= Exercise brief =
Begin with the line below holding "Mystic light pink Satin Shirt" and go on through the line holding "1pc tenner beskytter", duplicating each line exactly and leaving out pictures.

Collected data
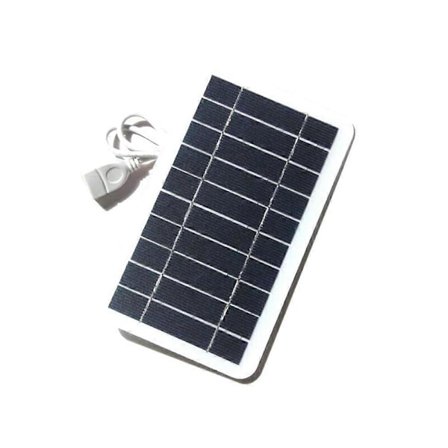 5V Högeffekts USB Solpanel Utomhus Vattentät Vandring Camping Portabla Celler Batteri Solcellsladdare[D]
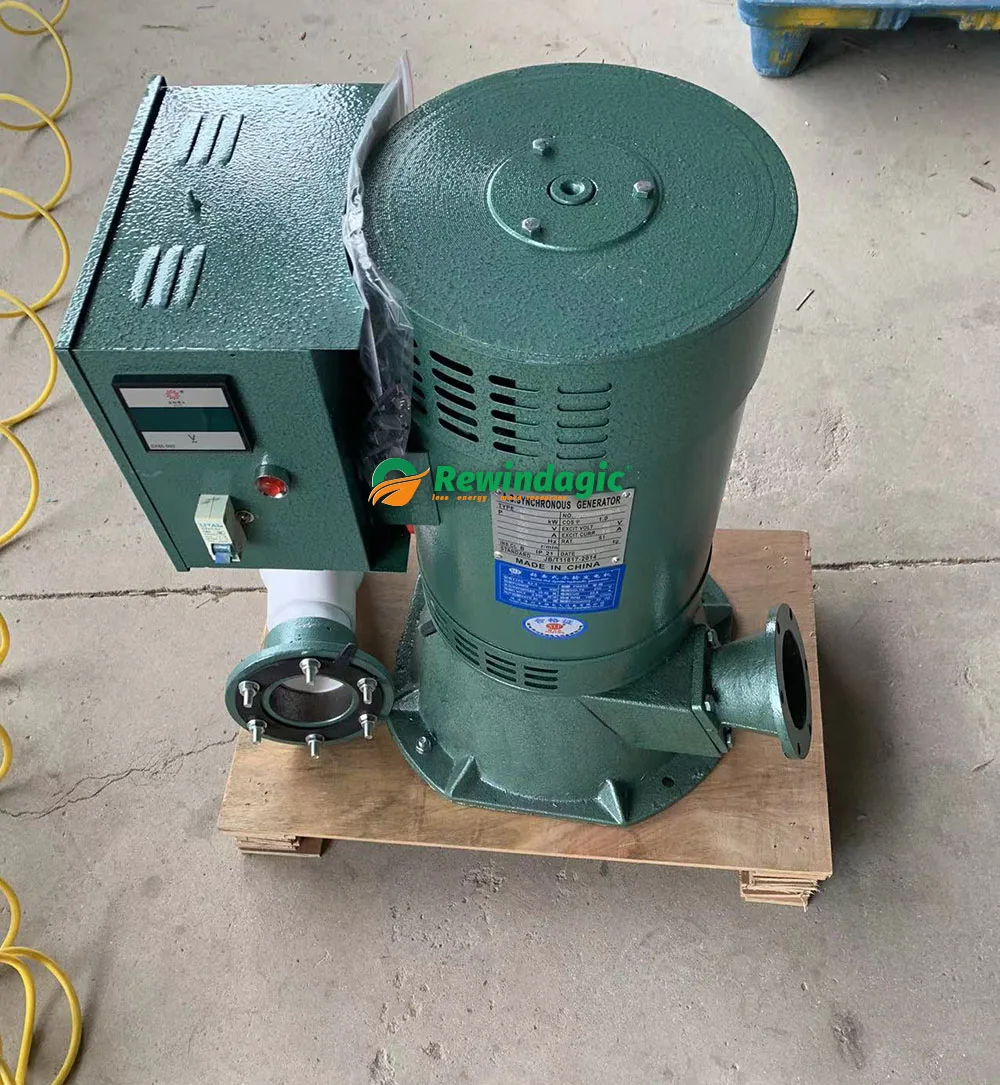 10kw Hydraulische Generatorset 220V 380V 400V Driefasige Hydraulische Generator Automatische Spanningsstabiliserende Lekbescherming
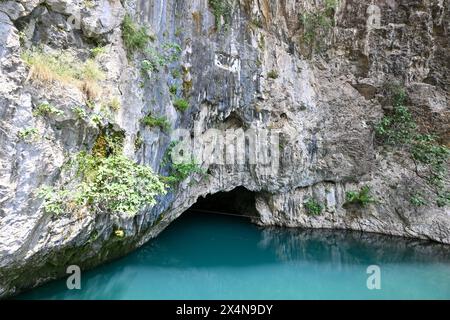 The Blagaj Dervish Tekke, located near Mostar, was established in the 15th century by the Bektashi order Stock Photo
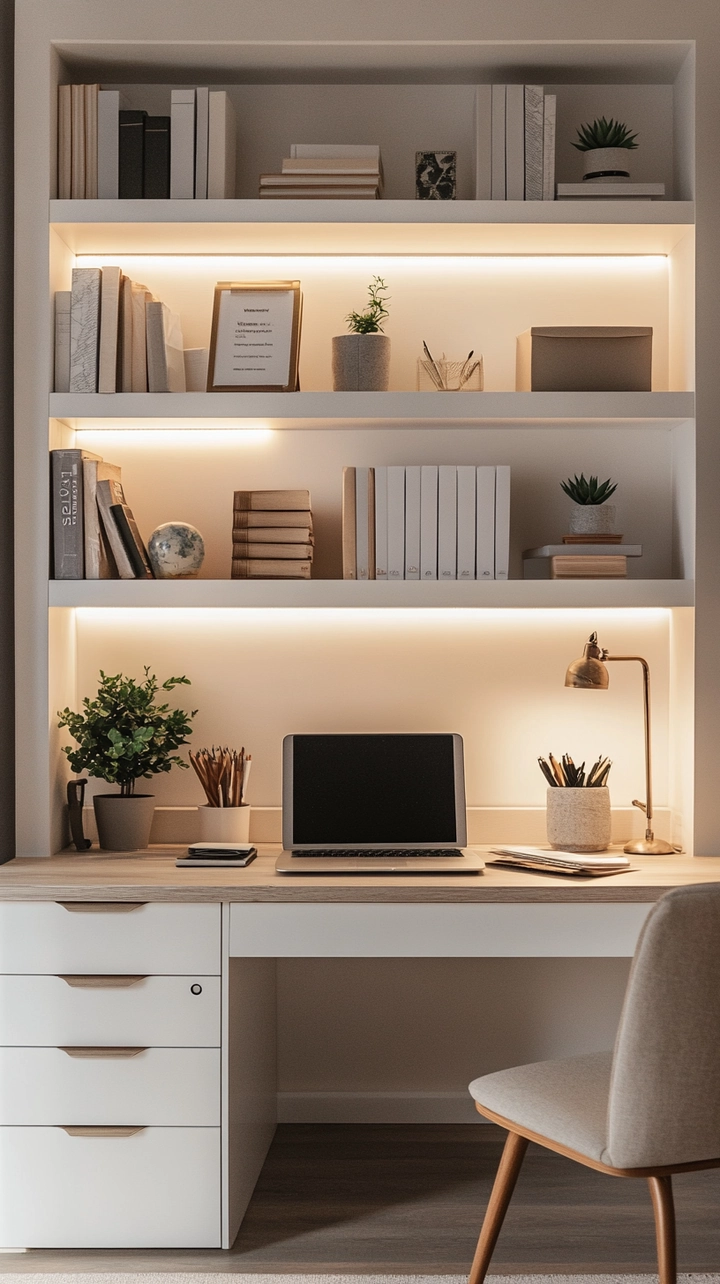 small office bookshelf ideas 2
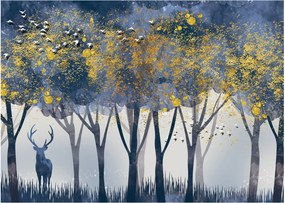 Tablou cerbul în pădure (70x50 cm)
--
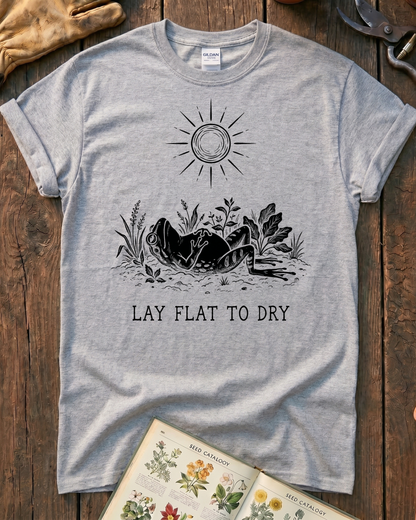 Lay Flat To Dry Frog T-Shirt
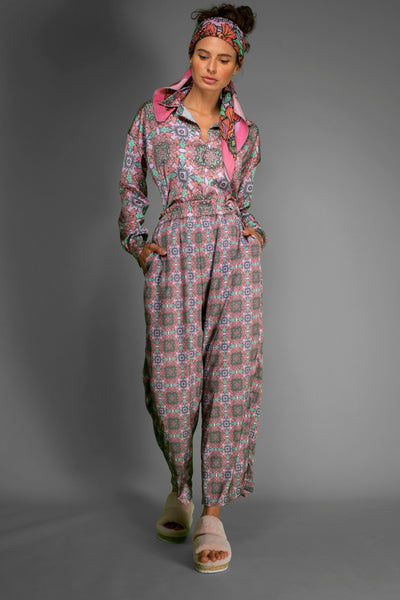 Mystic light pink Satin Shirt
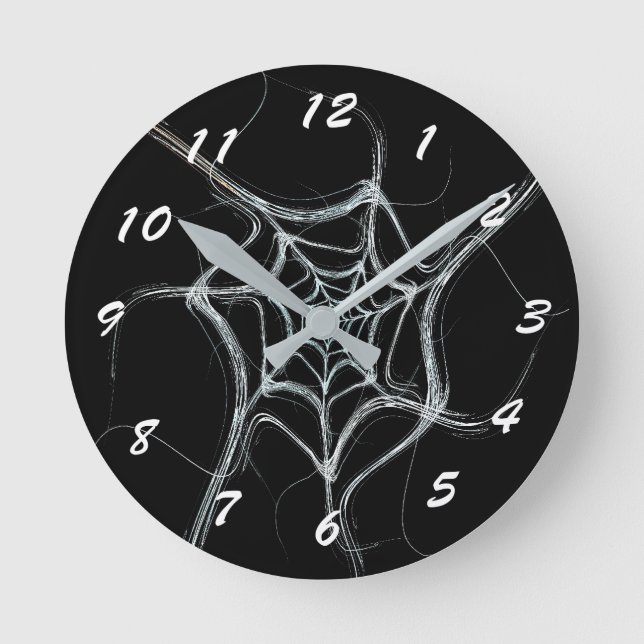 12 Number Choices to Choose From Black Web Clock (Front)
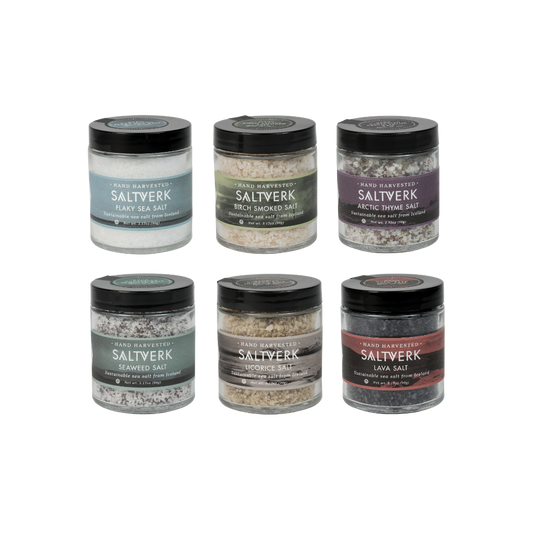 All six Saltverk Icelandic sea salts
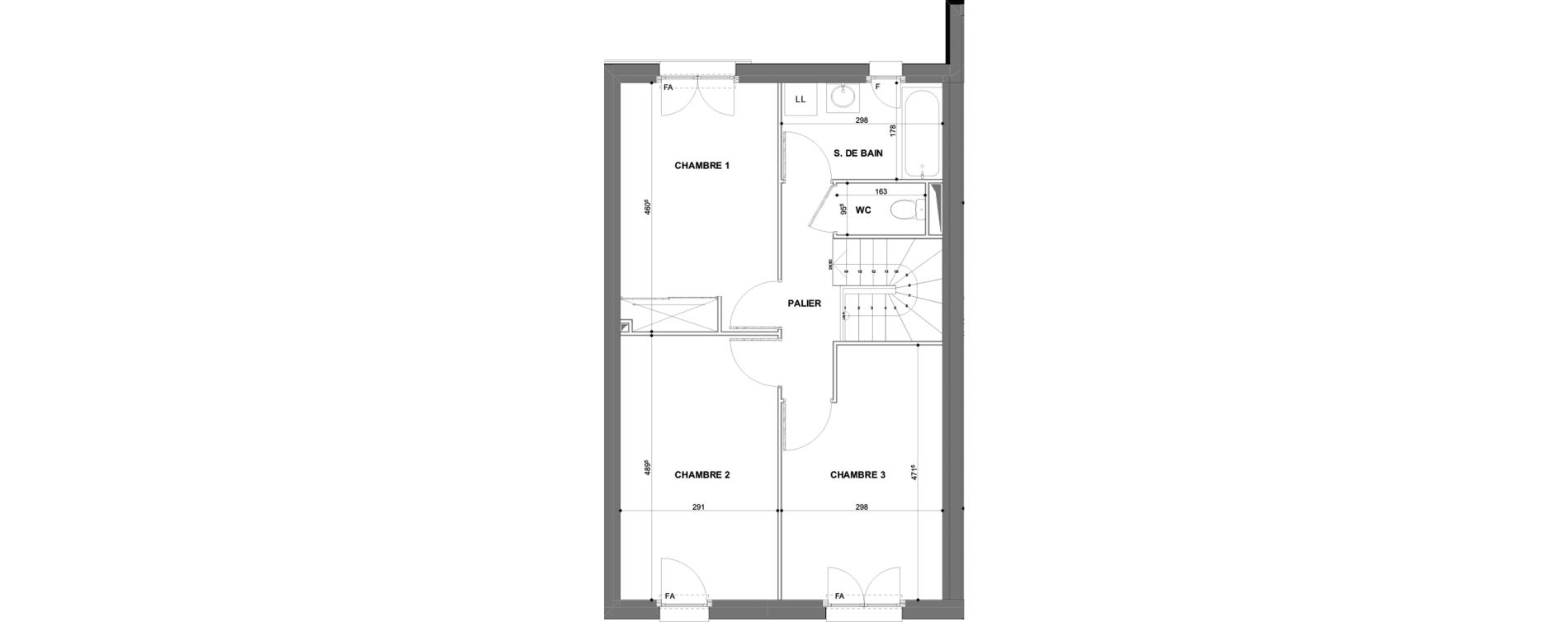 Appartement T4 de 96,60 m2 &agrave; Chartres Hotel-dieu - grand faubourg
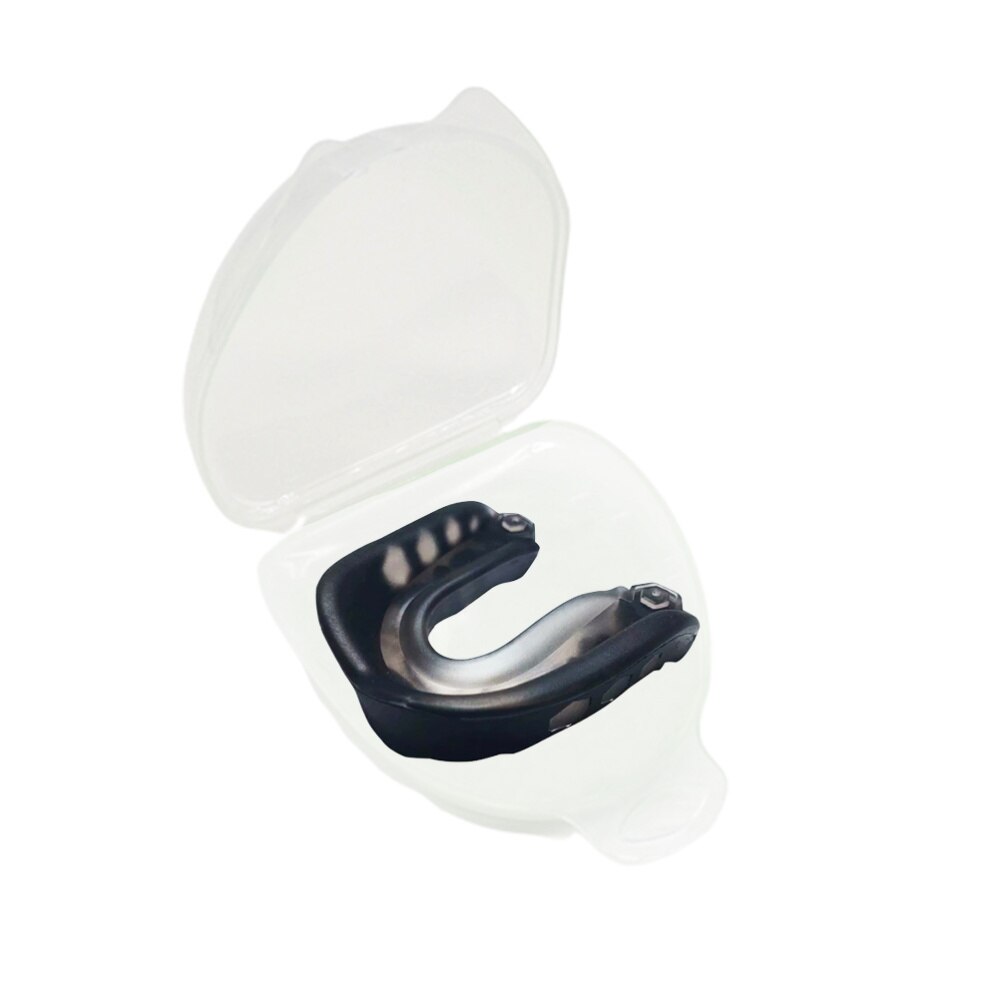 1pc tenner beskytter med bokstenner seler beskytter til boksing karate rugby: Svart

= Solution to this problem =
 Mystic light pink Satin Shirt
 12 Number Choices to Choose From Black Web Clock (Front)
 All six Saltverk Icelandic sea salts
 Appartement T4 de 96,60 m2 &agrave; Chartres Hotel-dieu - grand faubourg
 1pc tenner beskytter med bokstenner seler beskytter til boksing karate rugby: Svart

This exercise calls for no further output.